I'm not a fan of alcohol for two reasons a) it brings out the worst in people and b) it renders one incapable of dancing all night. Being a responsible adult living in a country where any drug that makes people happy, in love, or free-thinking, is made illegal, I'm not about to condone the use of class A drugs, am I? Having said that, I completely understand the desire to get out of your head. In my humble opinion, most human beings I meet could well do with some form of radical, mind-altering experience, but these days I do just as well getting high on everybody else's high. Mainly, it's the music and the tribal experience that sends me into an altered state of cosmic expansion.
I started raving in 1983 when I joined about 50,000 other people at Glastonbury festival. I adore the thrill of the large party, everyone in love and loving it. The invention of Ecstasy did wonders for the raising of human consciousness. It is an intelligent substance. Ecstasy opened people's hearts and brought them together. Furthermore, it got blokes dancing! This is a radical difference between my generation and my kids’ one. They seem to be born with rhythm. Like Africans, they speak the language of complex cadence. Rhythm courses through them, the guys as cool on the dance floor as the girls.
My sons got their love of music through me. I'm eclectic in my taste and my stereo was played at full volume through both pregnancies. The oldest went to Leeds University, the youngest followed four years later. Both left in their second year to become professional deejays and I was actively proud. These days deejaying is a true art form and my sons are highly skilled. I've danced to many of their sets in clubs and at festivals and nothing gives me more joy than seeing my boys doing what they love: working a crowd.
There are close to a thousand music festivals in England every summer.

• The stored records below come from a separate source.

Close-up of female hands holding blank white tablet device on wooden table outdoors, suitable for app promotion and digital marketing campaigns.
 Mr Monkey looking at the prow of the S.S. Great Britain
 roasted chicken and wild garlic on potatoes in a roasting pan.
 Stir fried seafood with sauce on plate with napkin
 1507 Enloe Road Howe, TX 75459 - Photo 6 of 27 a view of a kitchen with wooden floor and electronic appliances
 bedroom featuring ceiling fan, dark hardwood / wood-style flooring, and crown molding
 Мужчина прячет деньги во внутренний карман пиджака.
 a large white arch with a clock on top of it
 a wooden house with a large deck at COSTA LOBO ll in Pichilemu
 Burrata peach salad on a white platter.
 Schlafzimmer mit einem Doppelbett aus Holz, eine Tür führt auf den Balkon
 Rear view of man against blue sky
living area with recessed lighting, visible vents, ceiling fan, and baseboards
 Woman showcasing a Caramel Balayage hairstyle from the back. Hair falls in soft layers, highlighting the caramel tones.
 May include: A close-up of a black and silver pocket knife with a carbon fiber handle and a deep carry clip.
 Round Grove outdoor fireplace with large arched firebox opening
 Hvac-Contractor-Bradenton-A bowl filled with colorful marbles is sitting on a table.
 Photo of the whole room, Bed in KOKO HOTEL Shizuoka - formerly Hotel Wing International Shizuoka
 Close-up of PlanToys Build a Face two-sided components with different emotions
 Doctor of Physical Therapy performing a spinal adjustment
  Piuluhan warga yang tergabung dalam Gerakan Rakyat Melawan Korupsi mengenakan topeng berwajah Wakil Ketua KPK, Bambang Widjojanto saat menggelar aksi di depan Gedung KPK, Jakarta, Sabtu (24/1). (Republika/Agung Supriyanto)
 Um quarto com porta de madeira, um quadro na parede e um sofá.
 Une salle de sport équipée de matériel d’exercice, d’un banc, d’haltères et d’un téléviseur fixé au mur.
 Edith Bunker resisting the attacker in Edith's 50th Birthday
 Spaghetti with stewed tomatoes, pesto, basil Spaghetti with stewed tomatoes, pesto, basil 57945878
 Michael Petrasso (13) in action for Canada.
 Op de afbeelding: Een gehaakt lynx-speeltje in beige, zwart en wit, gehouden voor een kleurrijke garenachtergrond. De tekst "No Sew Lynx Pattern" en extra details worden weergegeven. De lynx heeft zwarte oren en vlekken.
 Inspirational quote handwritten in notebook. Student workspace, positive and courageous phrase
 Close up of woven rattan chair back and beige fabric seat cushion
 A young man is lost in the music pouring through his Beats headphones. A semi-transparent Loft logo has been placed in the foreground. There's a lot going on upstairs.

Not bad for a country that sees more rain than most. The one festival I make sure I attend every season without fail is called Give and it's a classy knees-up for ravers of my age group. We get together once a year, leave our smartphones in the car, unplug for a weekend, and go mental. Sadly I'm going to miss it this year as I'm heading off to Denmark on a silent retreat. I had one chance to get to a festival before leaving, and last week I was lucky enough to be welcomed as a guest of honour at Virgo in Devon, a thank you for producing two of their acts. My oldest son Liam's band, Desert Sound Colony was playing live and Reuben, his brother was booked for a disco set in the rose garden during the afternoon. Eight hundred kids in their twenties, and I (the only 'mature' person apart from the owners of the house) met in the grounds of a stately home and rocked the valley through the May bank holiday weekend. The sun shone, the music was perfect and much dancing was done by all. Some of the folk in the drum 'n' bass room might have been a tad surprised at 4am to find a decidedly middle-aged woman, throwing herself about like a maniac in front of the mammoth speakers, but hey, in for a penny, in for a pound...
On Sunday afternoon, while the sun was setting, and I chilled on the banks of the lake with a yogic, spiritually-aware guy who resembled Jesus, I looked around and realised that a bunch of young deejays and their mates, most of them not long out of university had got this extraordinary event together themselves. They hadn’t sat around talking about how great it would be to create a boutique festival of their very own – inspired by the music they're passionate about - they'd actually made it happen! People who know how to throw a good party are my kind of people.
I have actually pictured my own death. It's more like an ascension really. It happens on a dance floor, my last breath exhaled at the point of a particularly good drop in the middle of a brilliant set played back to back by the boys. And as I breathe out, throwing my best shapes ever, I vanish in a puff of stage smoke, never to be seen again.